Cancer cell plasticity — the flexibility of cells to alter their behaviours — is one in all the most important challenges in cancer treatment because it stays poorly understood. GBM cancer cells are particularly “plastic”: they’ll adapt in a short time, and this is believed to assist them develop resistance to radiotherapy and chemotherapy. Learning how these cells adapt, and subsequently how we are able to block them, could prevent cancer from recurring, something which nearly at all times happens with GBM.
Camilla Hawkins, an occupational therapist from London, was diagnosed with GBM in August 2022. The 55-year-old said: “Any findings, corresponding to these, that might help inform latest treatments, has got to be welcomed.

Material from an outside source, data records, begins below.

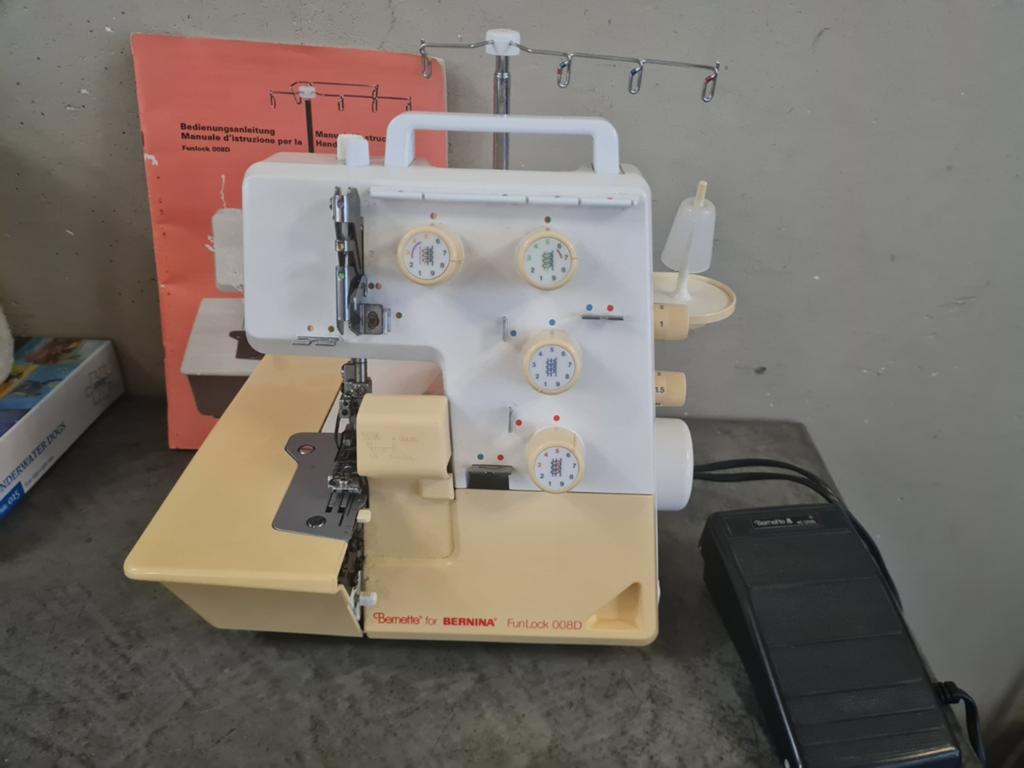 Bernina FunLock 008D Lockmachine, Hobby en Vrije tijd, Naaimachines en Toebehoren, Ophalen of Verzenden, Gebruikt, Lockmachine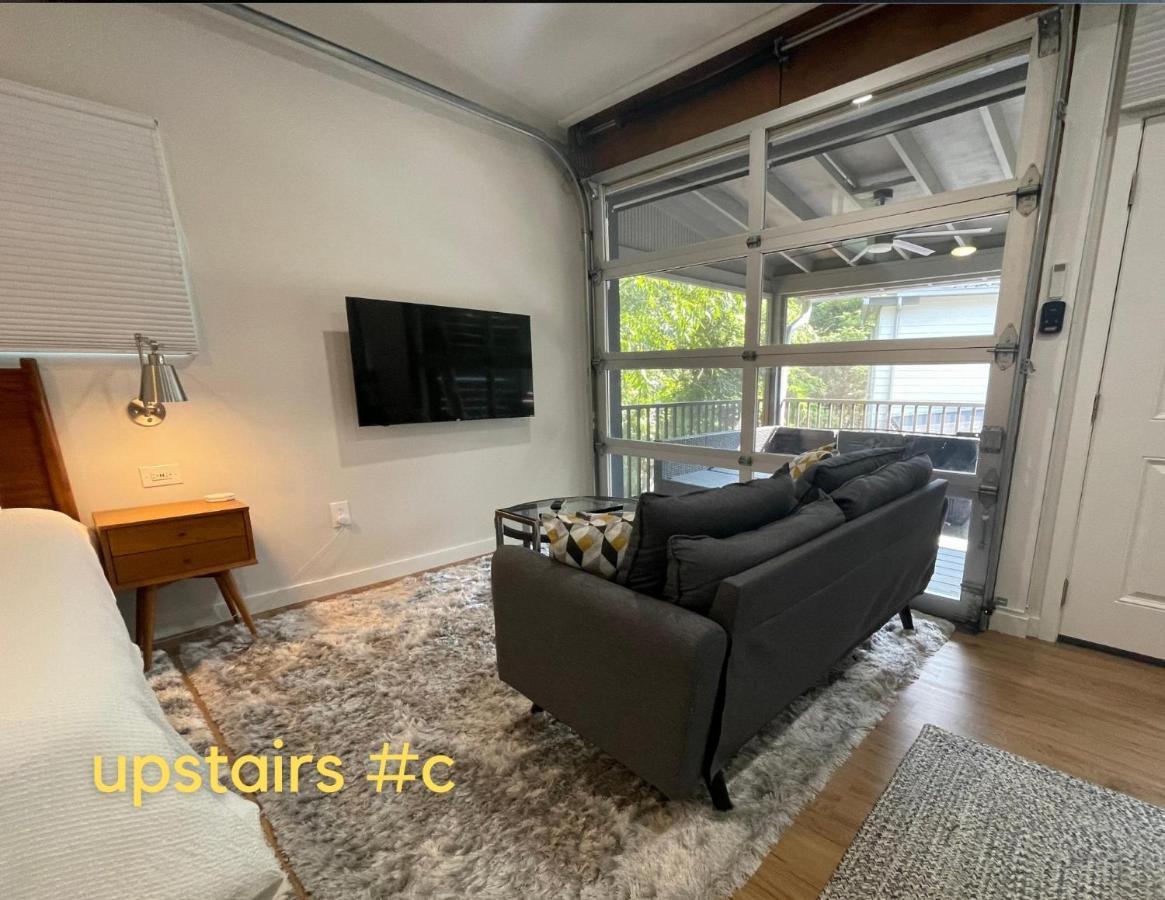 Normalbnb - 2 Blocks From Restaurants, Bars, Hospital Athens Esterno foto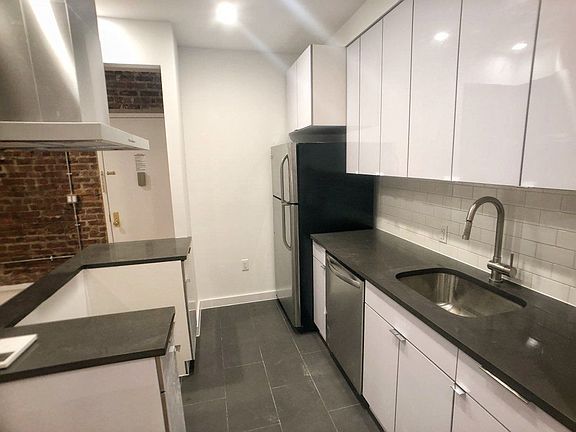 5th image of 3971 Gouverneur Ave APT 2E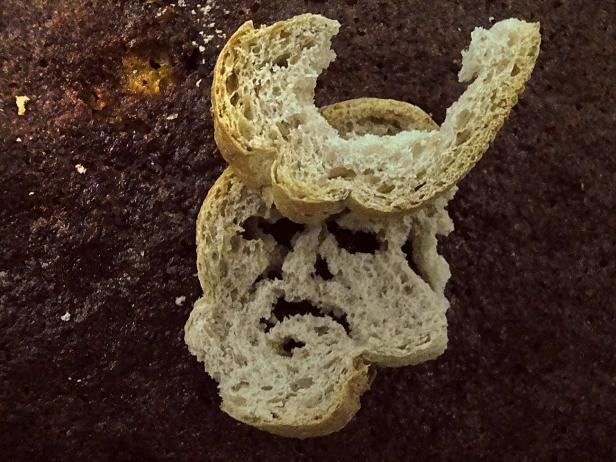 Zwei Brotscheiben liegen übereinander und bilden ein Gesicht.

Prolonged good quality of life is value living, even where the prognosis is terminal.”
Crucially vital
The opposite corresponding creator and co-lead Dr Paolo Actis, Associate Professor of Bio-Nanotechnology in Leeds’ School of Electronic and Electrical Engineering, has been working on the nanobiopsy tool for around 15 years and said its latest capabilities, in comparison with its original scope, provided “remarkable benefits.”
He added: “Cancer cells that aren’t killed by chemotherapy are those that make the cancer grow back and result in death.
“Our tool can pinpoint these cells and we are able to now perform biopsies on them so we are able to specifically study how those that survive treatment have modified.
“That is crucially vital because the more we are able to understand how the cells change, the more drugs we are able to develop to stop them from adapting.”
Dr Stead said further research needed to be carried out, using this technology on many more samples within the lab and in humans, but that it had already yielded hugely invaluable information.
Additional funding was provided by UK Research and Innovation and the European Commission.